Published: 11:16, 16 September 2020
| Updated: 11:18, 16 September 2020
New pop up cycle lanes have been slammed as a "pain in the backside" and an accident waiting to happen by disgruntled business owners and residents.
The lanes were introduced earlier this month along Milton Road, Gravesend , as part of the government's push for "active travel" in the wake of the pandemic.
It forms part of a trial by Kent County Council which has been allocated a pot of more than £8 million to invest in walking and cycling.
But the lanes have faced criticism from disgruntled local business owners who say the scheme is ill-thought out and has been introduced without notice.
Abnash Sareen runs the Bollywood Beauty Salon on Milton Road but says trade has been hit hard by the cycle path which includes fixed bollards to prevent cars from entering them.
It means his business has been unable to collect deliveries from vans stopping outside and he has been forced to make longer trips.
"It is a pain in the backside," the 62-year-old said. "Whoever came up with this idea should be inside."
"So far all the cyclists I have seen have not used the lane."
He added: "We are struggling for business as it is and then this. All of it has come as a surprise – it is absolutely horrible."
The cycle lanes have restricted the width of the roads but are intended to allow for free flowing traffic in both directions.
However, Mr Sareen believes the new measures have made the road layout more dangerous near the busy clocktower turning.
This, he says, is because lots of articulated lorries and HGVs who use the road now swing into the opposite lane to avoid the new cycle lanes.
"It is dangerous for the traffic. They are going halfway across the other side.
"It is only a matter of time before there is an accident," he added.
Iris Smith, owner of TJ's pub on the corner of Milton Road, says her business has also been "significantly impacted" and that "there was no consultation whatsoever".
She can no longer access deliveries outside and said the nearest route is over a weight restricted bridge.
"I don't think the intention was to cause this much disruption," Iris said, but added without clear access and support businesses like hers would fold under the pressure.
The pub landlord hastened to add she was not against the idea of a cycle lane in principle, and even thought it might help prevent people cycling on the pavement if designed correctly.
But Iris criticised the posts as ill thought out, adding "at the very least people should have looked at Google maps".
"Traffic is already difficult enough without making the road narrower," she said.
"Hopefully they will have taken some time to review the system and then take some of these out".
The scheme is being introduced through an experimental traffic order and a consultation will run afterwards to decide whether to make them permanent.
The first round of funding amounts to £1.6 million with the remainder dependent on this first round being spent within eight weeks.
A second wave of schemes across Kent will be dependent on the government’s decision to award further funding and a submission has already been made with further schemes to be be announced once funding has been confirmed.
Meanwhile new cycle routes have been put in place through Albion Terrace and Norfolk Road.
Road closures will be put in place from Monday for 18 months to prevent through traffic "because of Covid-19 measures".

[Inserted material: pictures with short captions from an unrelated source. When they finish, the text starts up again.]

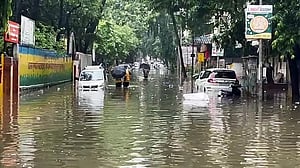 ফের জলমগ্ন মুম্বাই, বাড়তে পারে বৃষ্টি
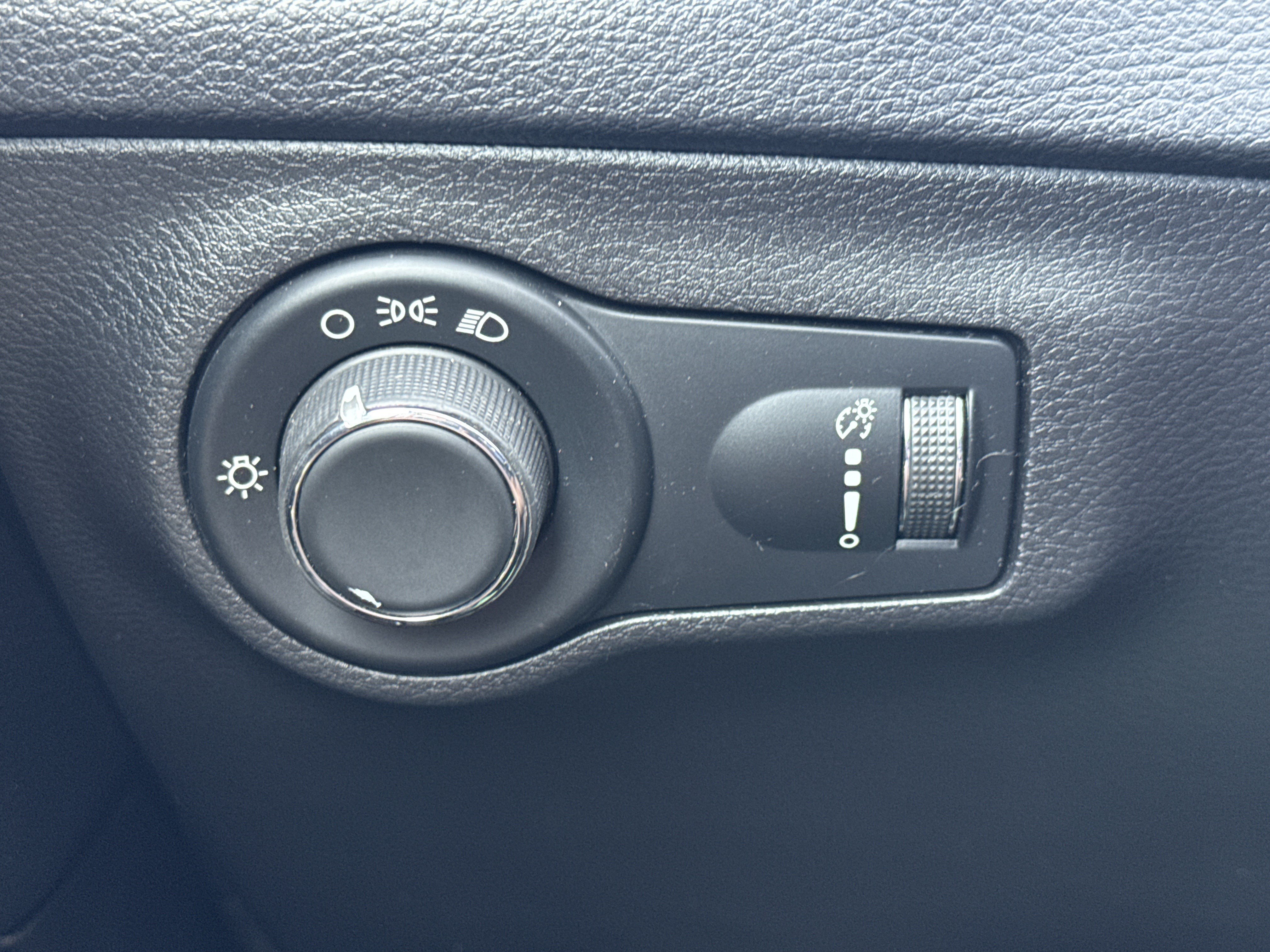 Used 2020 Jeep Compass Sport AWD/4WD image 20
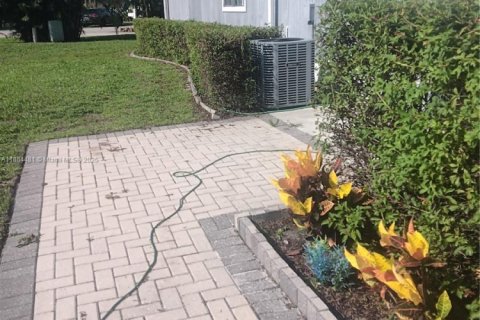 Casa en venta en Fort Myers, Florida, 4 dormitorios, 163.88 m2 № 1892604 - foto 9
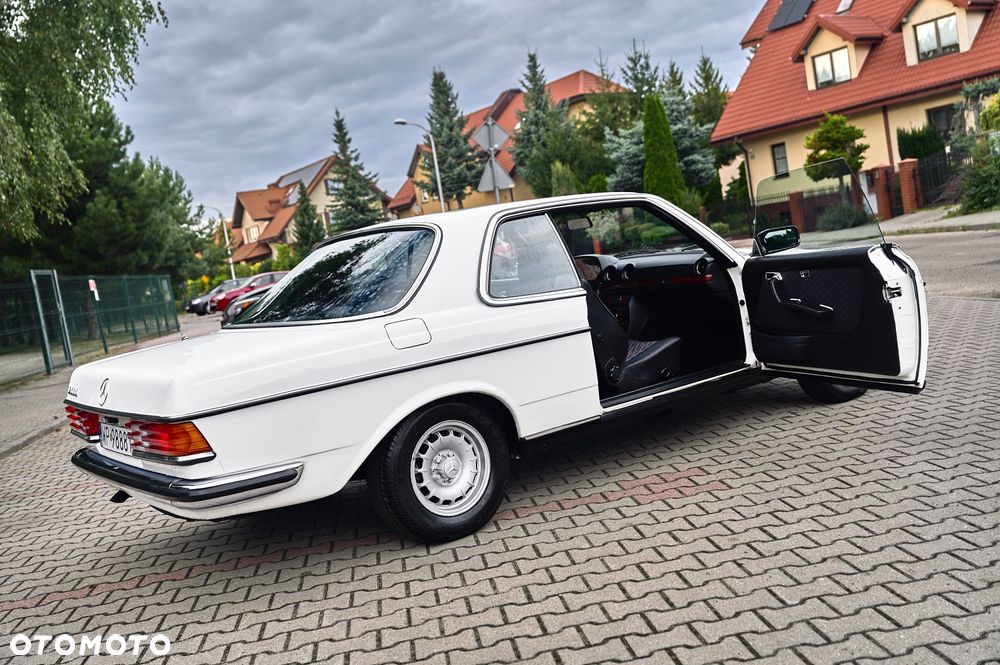 Mercedes-Benz W123 - 21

Residents were enraged to find wooden planters have already popped up overnight blocking access in and out of the area and on Monday the boxes were forcibly removed.
One neighbour, who did not wish to be named, said: "If the council did block the road again, I’m sure it will be removed by local residents again."
Local resident John Colfer hit out at the "sheer madness" of the scheme.
The 64-year-old helps manage the emergency service barrier on Prospect Grove at the junction of Norfolk Road and has raised concerns with local authorities over access for blue light vehicles and waste removal services.
"Al these cycle lanes appeared over night, nobody knew anything about them," he said.
"This will have a major effect on the traffic in the area, on top of the troubles we already have, and especially at peak times.
"We will no doubt have many vehicles using the width restrictions at the junction of Canal Road and Prospect Grove as a short cut to avoid the delays, even if it means driving through the number of no entry signs and width restrictions the wrong way."
John added neighbours had already been getting in touch with him as several had found themselves stuck at the barriers while attempting to navigate the new road layout.
It has come a huge frustration to Riverside ward residents who John says have worked tirelessly to resolve past obstructions.
Access for bin men was also identified as a potential stress factor with rubbish trucks likely to be forced to reverse up and down Norfolk Road and carry out manual collections.
Parents who would usually park to pick up children from the Chantry Community Academy will also have to stop elsewhere.
John added this could result in them obstructing other residents and vehicles trying to pass through.
Kent County Council were contacted for comment.